Perhaps Vice and Evil as in the Soul should be described not as an entire, but as a partial, negation of good.

But if this were so, part of the Soul must possess The Good, part be without it; the Soul will have a mingled nature and the Evil within it will not be unblended: we have not yet lighted on the Primal, Unmingled Evil. The Soul would possess the Good as its Essence, the Evil as an Accidental.

Perhaps Evil is merely an impediment to the Soul like something affecting the eye and so hindering sight.

But such an evil in the eyes is no more than an occasion of evil, the Absolute Evil is something quite different. If then Vice is an impediment to the Soul, Vice is an occasion of evil but not Evil-Absolute. Virtue is not the Absolute Good, but a co-operator with it; and if Virtue is not the Absolute Good neither is Vice the Absolute Evil. Virtue is not the Absolute Beauty or the Absolute Good; neither, therefore, is Vice the Essential Ugliness or the Essential Evil.
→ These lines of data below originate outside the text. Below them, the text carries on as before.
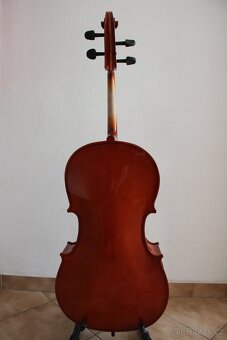 Violoncello 3/4, 4/4 - 5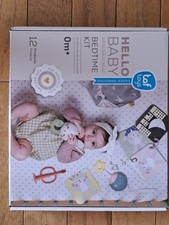 Hello Baby Bedtime Kit Taf
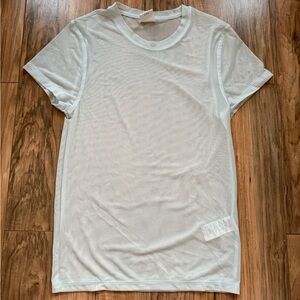 Urban Outfitters Mint Green Short Sleeve Tee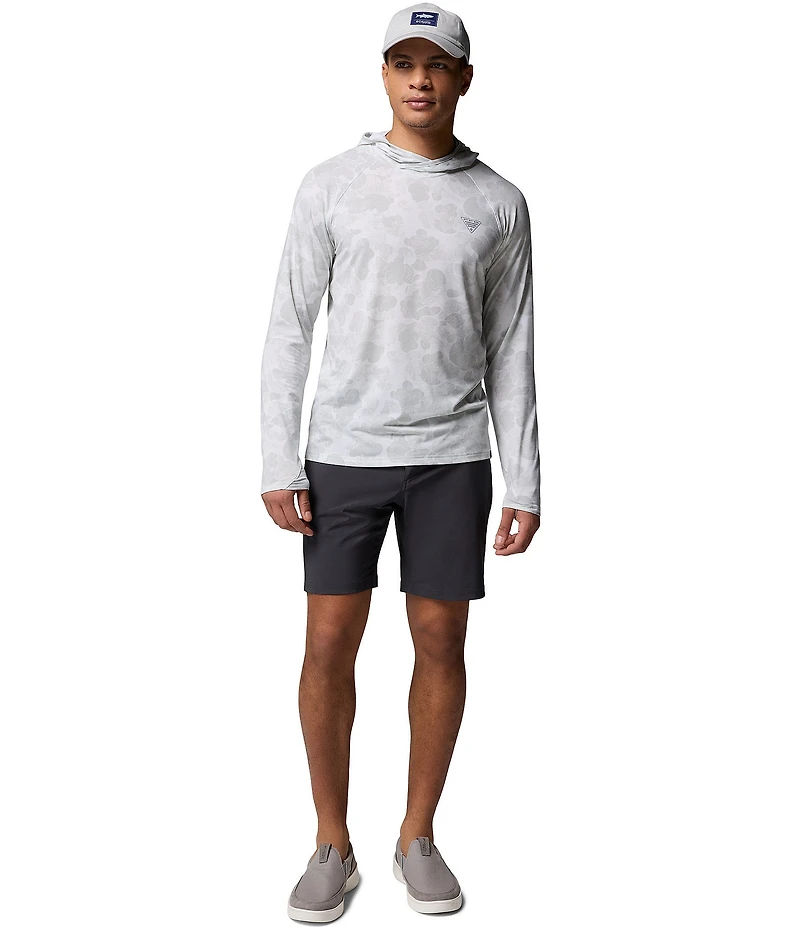 Columbia PFG Uncharted II Printed Hoodie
We teach that Virtue is not the Absolute Good and Beauty, because we know that These are earlier than Virtue and transcend it, and that it is good and beautiful by some participation in them. Now as, going upward from virtue, we come to the Beautiful and to the Good, so, going downward from Vice, we reach Essential Evil: from Vice as the starting-point we come to vision of Evil, as far as such vision is possible, and we become evil to the extent of our participation in it. We are become dwellers in the Place of Unlikeness, where, fallen from all our resemblance to the Divine, we lie in gloom and mud: for if the Soul abandons itself unreservedly to the extreme of viciousness, it is no longer a vicious Soul merely, for mere vice is still human, still carries some trace of good: it has taken to itself another nature, the Evil, and as far as Soul can die it is dead. And the death of Soul is twofold: while still sunk in body to lie down in Matter and drench itself with it; when it has left the body, to lie in the other world until, somehow, it stirs again and lifts its sight from the mud: and this is our "going down to Hades and slumbering there."